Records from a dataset
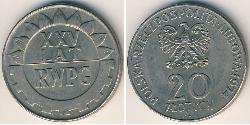 20 Злотий Польська Народна Республіка (1952-1990) Нікель/Мідь 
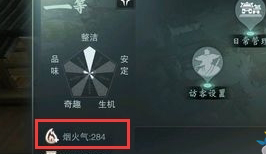 楚留香手游烟火气获得方法 烟火气作用介绍 (1)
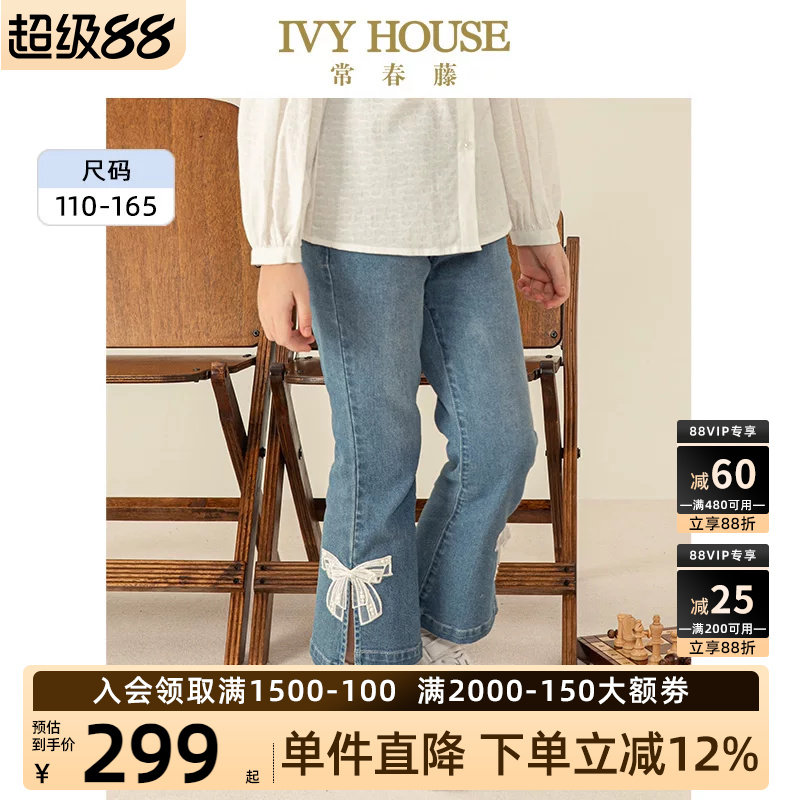 IVY HOUSE常春藤儿童装女童春季新款 高腰阔腿牛仔裤子微喇亲子装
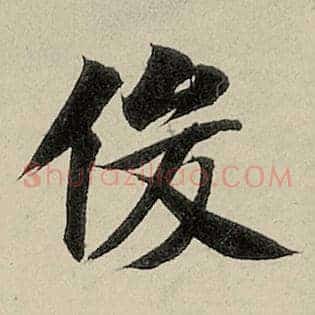 俊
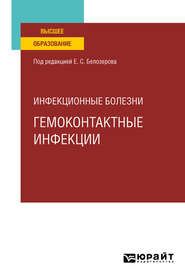 бесплатно читать книгу Инфекционные болезни: гемоконтактные инфекции. Учебное пособие для вузов автора Николай Бельгесов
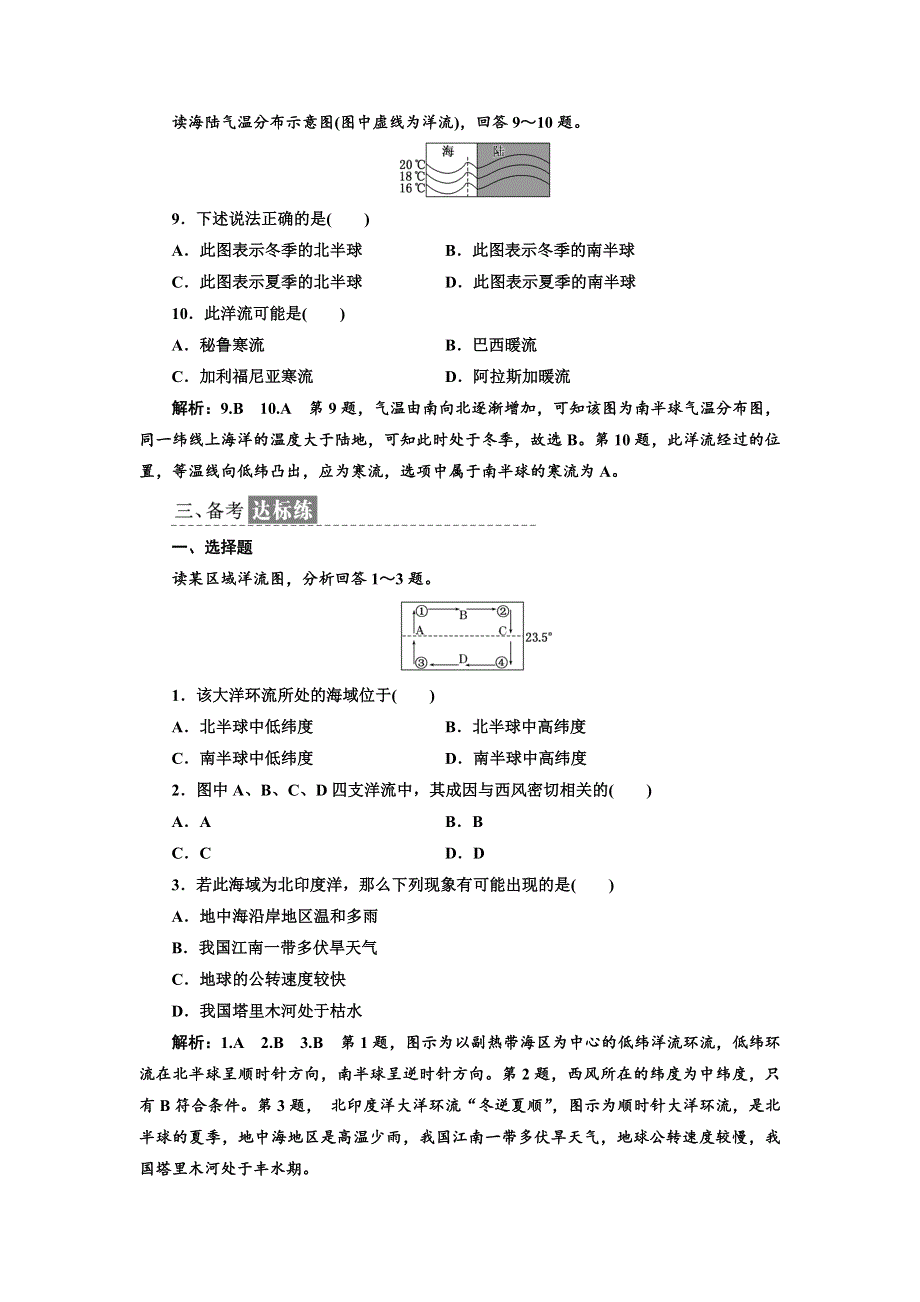 《三维设计》2017-2018学年高中地理湘教版必修1课时跟踪检测（十四） 水循环和洋流 WORD版含答案.doc_第3页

Exercise brief
Where an entry holds a picture, leave the picture out and output the rest exactly.

Answer to this task
 20 Злотий Польська Народна Республіка (1952-1990) Нікель/Мідь 
 楚留香手游烟火气获得方法 烟火气作用介绍 (1)
 IVY HOUSE常春藤儿童装女童春季新款 高腰阔腿牛仔裤子微喇亲子装
 俊
 бесплатно читать книгу Инфекционные болезни: гемоконтактные инфекции. Учебное пособие для вузов автора Николай Бельгесов
 《三维设计》2017-2018学年高中地理湘教版必修1课时跟踪检测（十四） 水循环和洋流 WORD版含答案.doc_第3页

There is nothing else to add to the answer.